What is expected -> Between the line containing "Red Hooded Logo" and the line containing "Mens 32 Black" lies a run of lines; give that run again exactly, with both of those lines, and nothing else from the entries below.
──────── Exercise data ────────
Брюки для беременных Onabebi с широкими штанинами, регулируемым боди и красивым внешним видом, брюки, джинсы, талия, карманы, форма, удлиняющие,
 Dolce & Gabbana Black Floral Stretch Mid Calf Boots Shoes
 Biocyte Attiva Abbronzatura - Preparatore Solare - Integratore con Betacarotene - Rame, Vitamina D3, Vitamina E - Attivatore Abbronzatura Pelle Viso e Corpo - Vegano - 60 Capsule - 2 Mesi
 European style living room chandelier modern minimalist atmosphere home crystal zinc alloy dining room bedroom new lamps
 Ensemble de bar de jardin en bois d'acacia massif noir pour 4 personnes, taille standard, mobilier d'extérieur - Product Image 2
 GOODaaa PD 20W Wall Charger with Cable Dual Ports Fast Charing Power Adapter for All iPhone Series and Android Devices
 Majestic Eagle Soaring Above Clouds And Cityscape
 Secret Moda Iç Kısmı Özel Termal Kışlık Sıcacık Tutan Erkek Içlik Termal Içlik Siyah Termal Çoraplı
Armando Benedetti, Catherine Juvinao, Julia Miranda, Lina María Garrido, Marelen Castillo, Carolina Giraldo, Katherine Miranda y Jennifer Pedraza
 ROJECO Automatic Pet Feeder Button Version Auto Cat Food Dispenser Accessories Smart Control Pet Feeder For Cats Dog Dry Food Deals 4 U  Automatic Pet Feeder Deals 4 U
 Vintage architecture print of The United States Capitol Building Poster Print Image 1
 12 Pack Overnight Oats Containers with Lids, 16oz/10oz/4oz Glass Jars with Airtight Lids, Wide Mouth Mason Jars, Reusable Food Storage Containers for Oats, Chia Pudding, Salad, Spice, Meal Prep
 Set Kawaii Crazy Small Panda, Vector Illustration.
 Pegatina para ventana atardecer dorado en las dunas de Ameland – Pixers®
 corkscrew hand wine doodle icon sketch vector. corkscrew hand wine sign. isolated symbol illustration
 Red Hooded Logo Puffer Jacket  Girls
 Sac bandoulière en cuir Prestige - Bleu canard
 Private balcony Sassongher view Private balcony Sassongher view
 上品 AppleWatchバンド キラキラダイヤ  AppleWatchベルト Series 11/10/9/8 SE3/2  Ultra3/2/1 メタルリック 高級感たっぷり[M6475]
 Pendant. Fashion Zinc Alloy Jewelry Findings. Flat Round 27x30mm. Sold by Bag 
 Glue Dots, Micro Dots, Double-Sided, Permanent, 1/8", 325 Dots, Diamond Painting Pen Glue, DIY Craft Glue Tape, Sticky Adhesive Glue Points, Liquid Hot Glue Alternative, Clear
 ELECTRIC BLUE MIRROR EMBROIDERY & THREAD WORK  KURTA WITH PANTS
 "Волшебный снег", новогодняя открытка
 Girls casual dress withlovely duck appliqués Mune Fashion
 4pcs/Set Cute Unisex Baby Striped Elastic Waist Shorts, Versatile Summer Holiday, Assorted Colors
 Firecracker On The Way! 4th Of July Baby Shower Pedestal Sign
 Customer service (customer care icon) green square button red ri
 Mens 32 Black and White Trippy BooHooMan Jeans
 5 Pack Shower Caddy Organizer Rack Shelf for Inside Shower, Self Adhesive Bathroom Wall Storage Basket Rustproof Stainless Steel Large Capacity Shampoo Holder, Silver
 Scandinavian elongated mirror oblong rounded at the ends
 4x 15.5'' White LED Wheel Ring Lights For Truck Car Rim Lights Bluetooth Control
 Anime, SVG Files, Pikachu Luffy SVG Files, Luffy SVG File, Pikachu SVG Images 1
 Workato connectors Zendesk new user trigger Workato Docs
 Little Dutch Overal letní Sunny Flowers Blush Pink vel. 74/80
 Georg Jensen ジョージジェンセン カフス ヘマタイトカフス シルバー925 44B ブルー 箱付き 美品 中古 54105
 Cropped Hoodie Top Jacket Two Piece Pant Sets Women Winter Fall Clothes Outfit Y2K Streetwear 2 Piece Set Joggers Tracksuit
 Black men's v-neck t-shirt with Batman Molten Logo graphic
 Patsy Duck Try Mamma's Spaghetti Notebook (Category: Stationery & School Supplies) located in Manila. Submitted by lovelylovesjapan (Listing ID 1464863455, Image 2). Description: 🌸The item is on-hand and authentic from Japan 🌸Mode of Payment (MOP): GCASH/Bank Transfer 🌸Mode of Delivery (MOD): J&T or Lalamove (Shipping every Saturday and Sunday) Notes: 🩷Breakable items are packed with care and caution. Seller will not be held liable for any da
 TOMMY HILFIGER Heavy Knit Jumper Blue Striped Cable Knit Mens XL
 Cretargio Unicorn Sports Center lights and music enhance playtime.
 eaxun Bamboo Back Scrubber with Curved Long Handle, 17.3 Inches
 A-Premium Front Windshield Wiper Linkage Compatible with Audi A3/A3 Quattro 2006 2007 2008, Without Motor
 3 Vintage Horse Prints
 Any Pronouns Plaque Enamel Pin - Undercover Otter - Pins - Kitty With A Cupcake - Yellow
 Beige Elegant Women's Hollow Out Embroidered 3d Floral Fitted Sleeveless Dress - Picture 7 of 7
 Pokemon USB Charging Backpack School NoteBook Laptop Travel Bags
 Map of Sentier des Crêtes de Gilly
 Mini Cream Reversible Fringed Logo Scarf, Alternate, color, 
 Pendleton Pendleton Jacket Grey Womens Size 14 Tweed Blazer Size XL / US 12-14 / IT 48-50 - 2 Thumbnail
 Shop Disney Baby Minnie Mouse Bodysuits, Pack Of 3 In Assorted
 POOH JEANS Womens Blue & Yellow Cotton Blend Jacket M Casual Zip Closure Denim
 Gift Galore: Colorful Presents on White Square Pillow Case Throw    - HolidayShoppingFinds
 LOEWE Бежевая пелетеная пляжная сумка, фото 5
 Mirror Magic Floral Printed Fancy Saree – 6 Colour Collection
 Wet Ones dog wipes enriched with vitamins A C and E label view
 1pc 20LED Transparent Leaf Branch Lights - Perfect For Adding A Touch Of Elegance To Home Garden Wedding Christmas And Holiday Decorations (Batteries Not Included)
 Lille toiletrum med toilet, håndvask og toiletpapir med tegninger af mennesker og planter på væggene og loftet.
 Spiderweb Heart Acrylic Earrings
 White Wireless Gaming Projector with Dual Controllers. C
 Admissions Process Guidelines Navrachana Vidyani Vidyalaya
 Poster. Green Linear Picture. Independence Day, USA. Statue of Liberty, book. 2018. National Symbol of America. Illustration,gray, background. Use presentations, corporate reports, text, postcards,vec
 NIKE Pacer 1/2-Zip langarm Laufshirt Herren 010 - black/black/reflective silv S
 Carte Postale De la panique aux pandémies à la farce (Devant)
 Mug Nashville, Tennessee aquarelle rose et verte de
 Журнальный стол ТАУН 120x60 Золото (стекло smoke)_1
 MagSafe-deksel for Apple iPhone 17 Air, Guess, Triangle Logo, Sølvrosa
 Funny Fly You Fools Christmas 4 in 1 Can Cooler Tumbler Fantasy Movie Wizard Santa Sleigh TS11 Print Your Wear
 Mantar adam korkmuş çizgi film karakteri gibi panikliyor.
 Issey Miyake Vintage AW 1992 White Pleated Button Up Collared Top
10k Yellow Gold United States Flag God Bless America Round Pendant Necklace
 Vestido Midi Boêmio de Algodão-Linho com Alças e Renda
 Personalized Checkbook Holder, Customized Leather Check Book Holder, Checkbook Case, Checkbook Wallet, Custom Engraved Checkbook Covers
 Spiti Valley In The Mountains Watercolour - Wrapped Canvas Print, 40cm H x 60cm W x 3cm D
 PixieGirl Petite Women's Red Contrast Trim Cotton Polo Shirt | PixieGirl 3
────────
Output of the exercise ->
 Red Hooded Logo Puffer Jacket  Girls
 Sac bandoulière en cuir Prestige - Bleu canard
 Private balcony Sassongher view Private balcony Sassongher view
 上品 AppleWatchバンド キラキラダイヤ  AppleWatchベルト Series 11/10/9/8 SE3/2  Ultra3/2/1 メタルリック 高級感たっぷり[M6475]
 Pendant. Fashion Zinc Alloy Jewelry Findings. Flat Round 27x30mm. Sold by Bag 
 Glue Dots, Micro Dots, Double-Sided, Permanent, 1/8", 325 Dots, Diamond Painting Pen Glue, DIY Craft Glue Tape, Sticky Adhesive Glue Points, Liquid Hot Glue Alternative, Clear
 ELECTRIC BLUE MIRROR EMBROIDERY & THREAD WORK  KURTA WITH PANTS
 "Волшебный снег", новогодняя открытка
 Girls casual dress withlovely duck appliqués Mune Fashion
 4pcs/Set Cute Unisex Baby Striped Elastic Waist Shorts, Versatile Summer Holiday, Assorted Colors
 Firecracker On The Way! 4th Of July Baby Shower Pedestal Sign
 Customer service (customer care icon) green square button red ri
 Mens 32 Black and White Trippy BooHooMan Jeans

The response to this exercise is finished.